A indicação ocorre após meses de negociações políticas. O nome enfrentou resistência no Senado, especialmente por parte do presidente da Casa, Davi Alcolumbre (União-AP), que defendia a escolha do senador Rodrigo Pacheco (PSD-MG), ex-presidente da Casa e apontado como preferido de Lula para a disputa ao governo de Minas Gerais.
Após o anúncio, Alcolumbre definiu um calendário acelerado para a realização da sabatina, o que dificultou a articulação de Messias por apoio entre os senadores. Para ganhar tempo, o governo segurou o envio da mensagem presidencial e adiou o trâmite oficial da apreciação.
Messias foi escolhido para ocupar a vaga aberta com a aposentadoria do ministro Luís Roberto Barroso, anunciada em outubro de 2025, após mais de uma década de atuação na Corte. Caso confirmado, o novo ministro herdará o acervo de processos do antecessor.
Próximos passos
Na próxima fase, a indicação será recebida pela Mesa Diretora do Senado e enviada para análise da Comissão de Constituição e Justiça. O presidente do colegiado, senador Otto Alencar (PSD-BA), deverá indicar um relator e agendar a sabatina de Messias. Em seguida, a comissão vota o parecer e, se aprovado, o nome segue para deliberação do plenário, em votação secreta. Não há prazo mínimo para esta etapa.
Para ser confirmado, o indicado precisa do apoio da maioria absoluta dos senadores, equivalente a pelo menos 41 votos favoráveis.

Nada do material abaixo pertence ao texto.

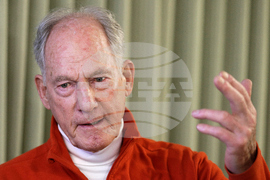 Obit Jim Whittaker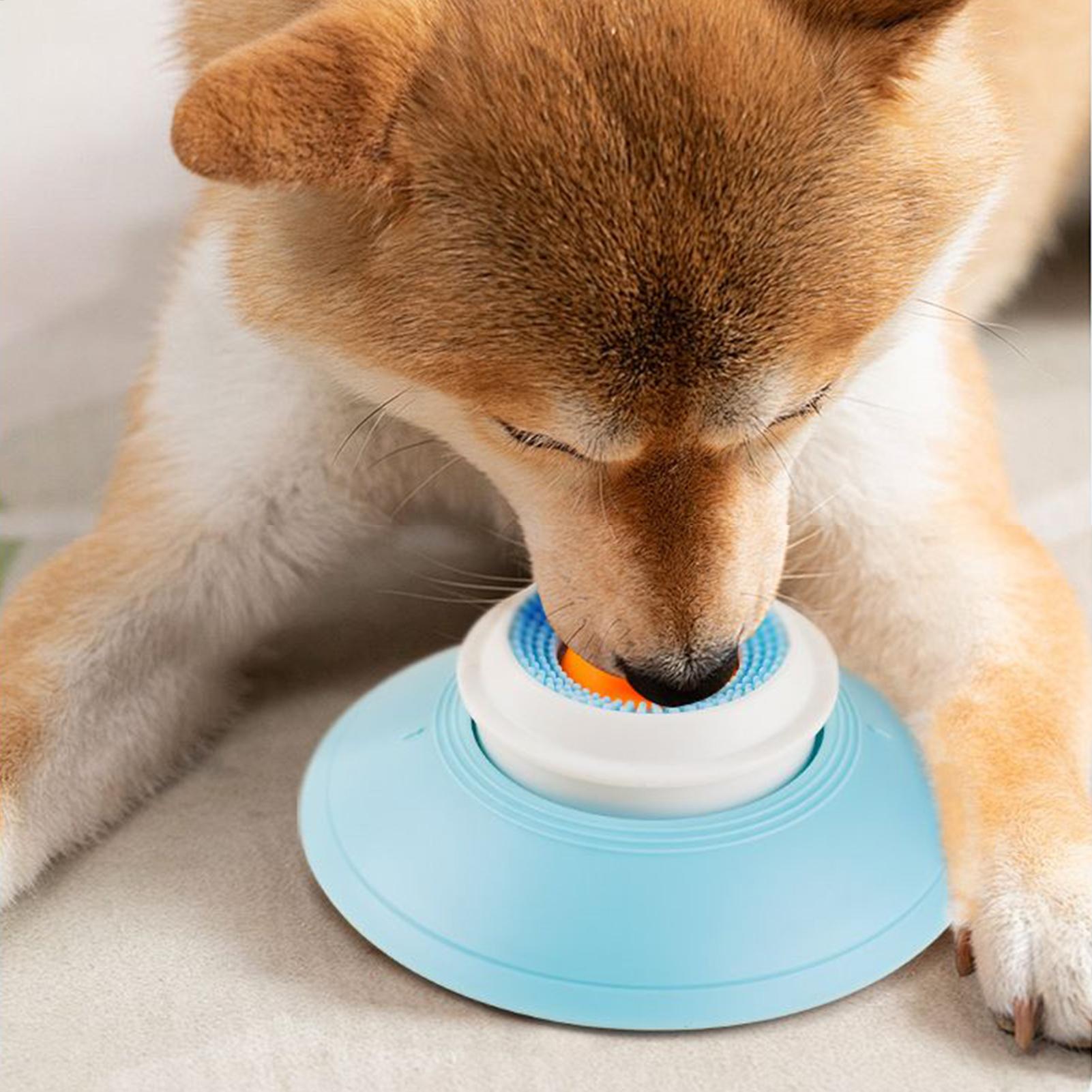 Köpekler için Yalama Matı, Yav - Snuffle Mat For Dogs incelemesi ve fiyatı
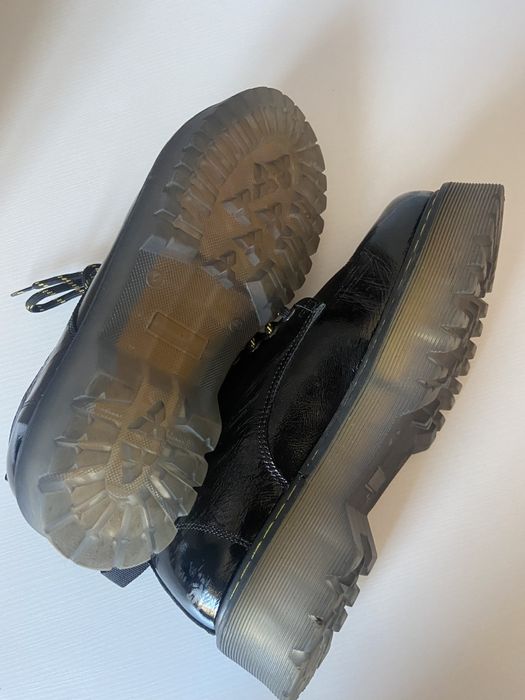 Туфлі оксфорди шкіряні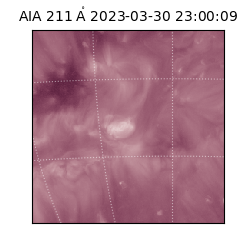 saia - 2023-03-30T23:00:09.626000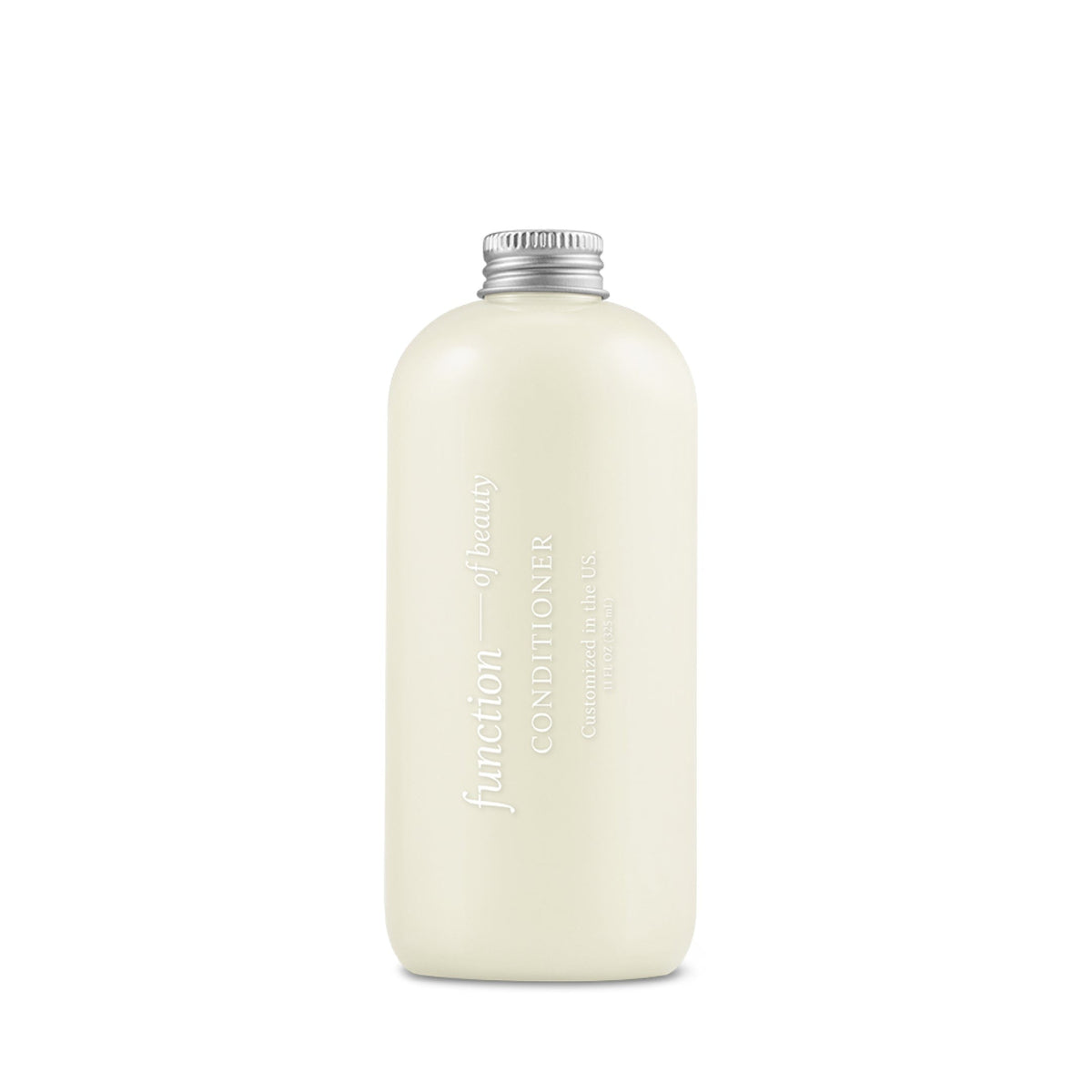 Custom Conditioner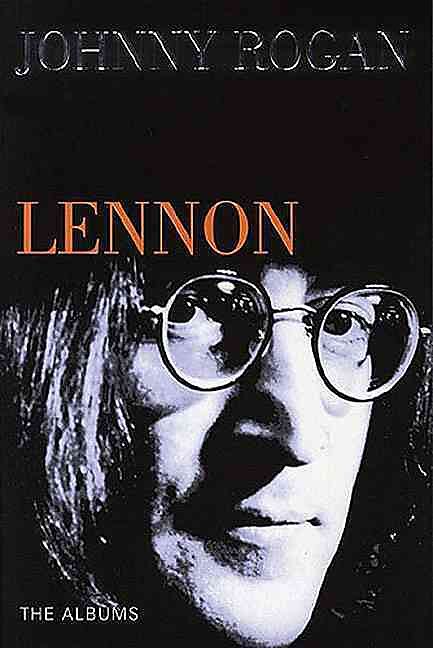 Lennon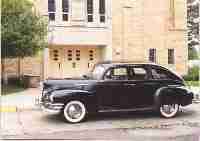 48_4848Leners3775t.jpg - 3611 Bytes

Somente após a aprovação pelo Senado o presidente da República poderá formalizar a nomeação por decreto, a ser publicado no Diário Oficial da União. Em seguida, o STF agenda a cerimônia de posse do novo ministro.
Trajetória
Natural de Pernambuco, Jorge Messias tem 45 anos e é formado em Direito pela Universidade Federal de Pernambuco. Possui mestrado e doutorado pela Universidade de Brasília.
Servidor público desde 2007, ingressou na Advocacia-Geral da União como procurador da Fazenda Nacional, com atuação voltada à cobrança de créditos da União. Ao longo da carreira, ocupou cargos estratégicos no Executivo, incluindo funções no Banco Central, no BNDES e na Presidência da República.
Durante o governo Dilma Rousseff, foi subchefe para Assuntos Jurídicos da Presidência. Também atuou como consultor jurídico em ministérios e como secretário no Ministério da Educação.
Em 2022, integrou a equipe de transição do governo Lula e, no início de 2023, assumiu o comando da Advocacia-Geral da União, órgão responsável pela representação judicial da União e pela assessoria jurídica do Poder Executivo.